Les dirigeants de l'Union Européenne, et en France Jospin et Chirac, multiplient les déclarations contre l'installation d'une telle coalition en Autriche. Jospin a déclaré que l'Autriche de Jörg Haider devait être " politiquement isolée en Europe " car l'Union Européenne est " une communauté de principes et de valeurs humanistes ". Mais ces gens-là s'achètent ainsi une bonne conscience à bon compte. Car Haider, comme le démontre l'existence de Le Pen et Mégret en France, n'est nullement une spécialité autrichienne. Rappelons les résultats électoraux importants de Le Pen et Megret ici en France. Rappelons comment la droite, même parlementaire, reprenait à son compte les insanités de l'extrême droite. Le chômage, la montée de la misère, les craintes que tout cela engendre offraient d'autant plus un terreau pour la démagogie imbécile de l'extrême droite que les gouvernements en place, ceux de droite comme ceux de gauche, étaient incapables de mener la politique nécessaire pour les résorber.

En Autriche on a vu les sociaux-démocrates au gouvernement - seuls ou en coalition avec les conservateurs - mener une politique d'austérité antiouvrière au service du patronat et rejeter ainsi l'électorat populaire du côté de l'extrême droite. A la démagogie xénophobe de celle-ci, les mêmes sociaux-démocrates et conservateurs auxquels Jospin attribue ce qu'il appelle les " valeurs humanistes " de l'Union Européenne ont répondu par des mesures contre l'immigration, rétablissant les visas, restreignant le droit d'asile, déployant l'armée le long des frontières et imposant des quotas.

Toutes ces mesures ne sont pas bien différentes de celles pratiquées ici en France par les Pasqua, les Debré, et aujourd'hui les Jospin et les Chevènement. Le développement du chômage et de la précarité, la dégradation sociale qu'ils entraînent, résultent partout d'une politique gouvernementale en faveur du patronat, qui détourne les fonds publics pour alimenter ses profits scandaleux et la spéculation, qui aggrave les conditions de vie et de travail et qui jette une partie de la population travailleuse à la rue.

La gauche de gouvernement tout comme la droite dite républicaine, responsables de cette politique, n'ont pas hésité à recourir elles-mêmes à la démagogie anti-immigrés ; l'acharnement du ministre de l'Intérieur, Chevènement, contre les sans-papiers continue tous les jours de le montrer.

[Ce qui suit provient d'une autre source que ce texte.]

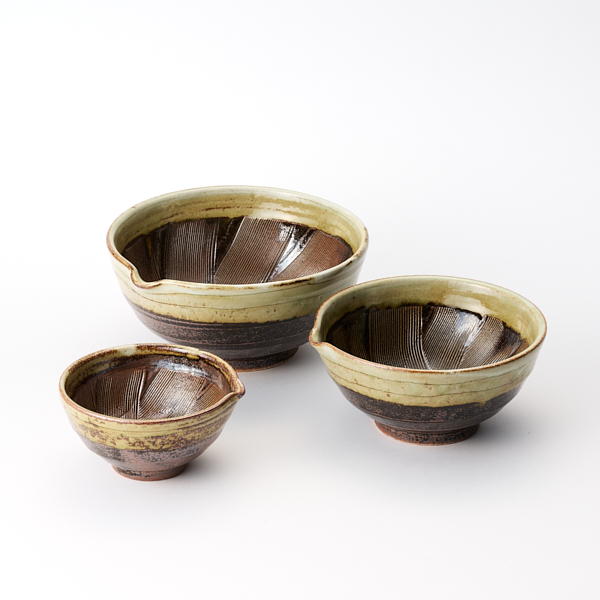 AKOMEYA TOKYO/ 4寸深片口すり鉢 泥くし彫りヒワ貫入(4寸深): 台所の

C'est cette politique qui alimente les courants réactionnaires et xénophobes. Les déboires électoraux récents d'un le Pen et d'un Mégret ne peuvent suffire à rassurer. La démagogie des Pasqua, des De Villiers, et de toute une partie de la droite dite " républicaine " est exactement de la même eau et s'alimente des mêmes propos odieux à l'égard des immigrés et des étrangers. Ce sont d'ailleurs souvent les mêmes politiciens qui changent de casaque et passent de l'extrême droite à la droite dite " respectable " en fonction des opportunités.

Alors les protestations d'" humanisme " émanant d'un Jospin, d'un Chirac et des autres dirigeants européens ne sont certainement pas une protection pour les travailleurs qui veulent faire front à la menace d'extrême droite, que ce soit en Autriche, en France ou ailleurs en Europe. Car c'est précisément toute la politique menée par ces gens-là, qui la nourrit et l'entretient. Les gouvernements européens, menant une politique antiouvrière avec pour certains de fausses phrases de gauche, ne font que renforcer la droite et l'extrême droite, au risque de leur ouvrir la voie vers le pouvoir.

Et la seule protection qu'ont les travailleurs contre le retour de courants aussi inquiétants que celui de Jörg Haider en Autriche, c'est bien d'abord de renouer avec la lutte de classe, d'apprendre à mettre en échec la politique gouvernementale et patronale, de montrer que la classe ouvrière a les moyens et la force d'ouvrir à la société une autre perspective que cette situation de crise, de chômage et de misère dans laquelle nous enfoncent, quoi qu'ils en disent, les Jospin, les Chirac et tous leurs semblables.